This section is empty.

Variables

This section is empty.

Functions

func Equivalent

func Equivalent(in string) (lazy.It[string], error)

Equivalent is a lazy.It that produces all strings canonically-equivalent to the input. Note that this is very expensive for large strings.
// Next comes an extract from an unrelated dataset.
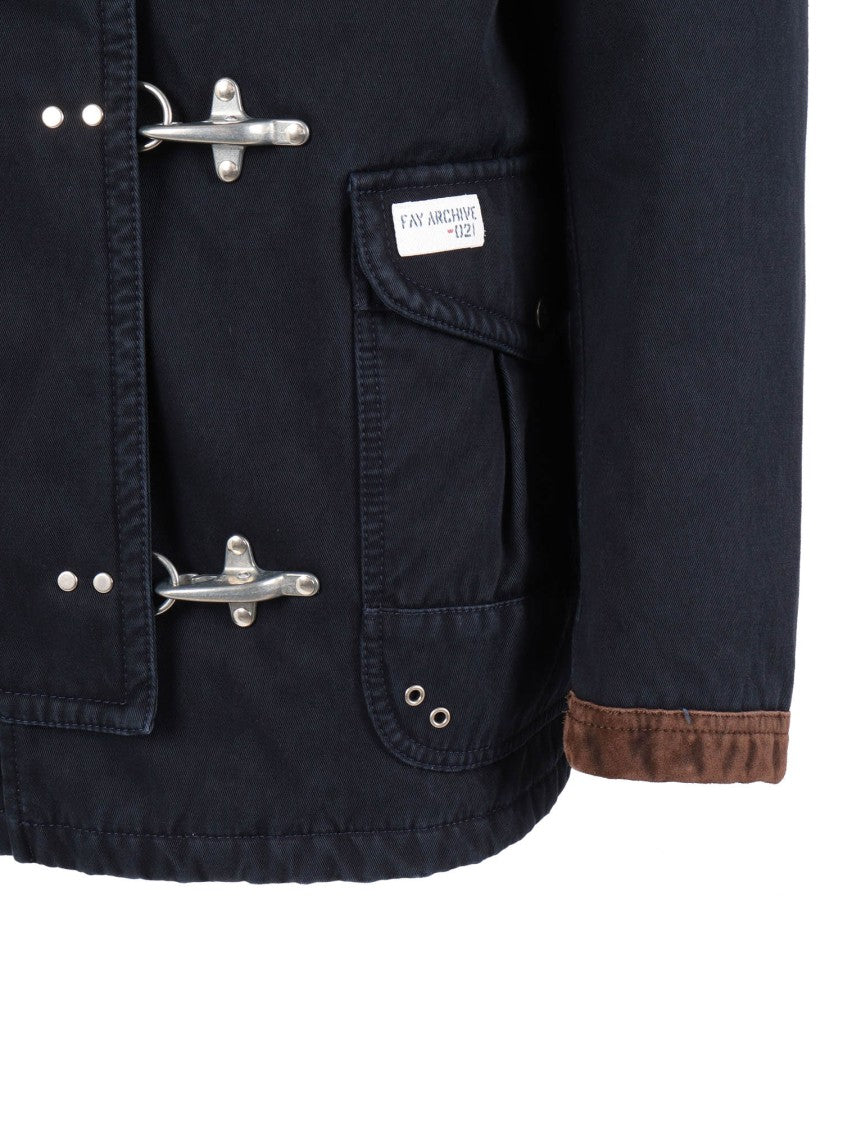 Fay 4 Hooks Archive Classic Button-Up Cotton Shirt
Note also that this does not include any Unicode Character Fallback Substitutions.

This is a clean-room implementation of Mark Davies' algorithm described at https://unicode.org/notes/tn5/#Enumerating_Equivalent_Strings

Example
package main

import (
	"fmt"
	"strings"

	lazy "github.com/tawesoft/golib/v2/iter"
	"github.com/tawesoft/golib/v2/must"
	"github.com/tawesoft/golib/v2/text/fallback"
	"golang.org/x/text/unicode/runenames"
)

func main() {
	input := "\u0041\u030A\u0064\u0307\u0327"
	fmt.Printf("Input: %s %x %x\n", input, []rune(input), []byte(input))
	eq := must.Result(fallback.Equivalent(input))

	lazy.Walk(func(x string) {
		fmt.Printf("%s: %x = %s\n", x, []rune(x),
			lazy.Join(lazy.StringJoiner(", "),
				lazy.Map(strings.ToLower,
					lazy.Map[rune, string](runenames.Name,
						lazy.FromString(x)))))
	}, eq)

	/* (Found in the Unicode ICU as a test case)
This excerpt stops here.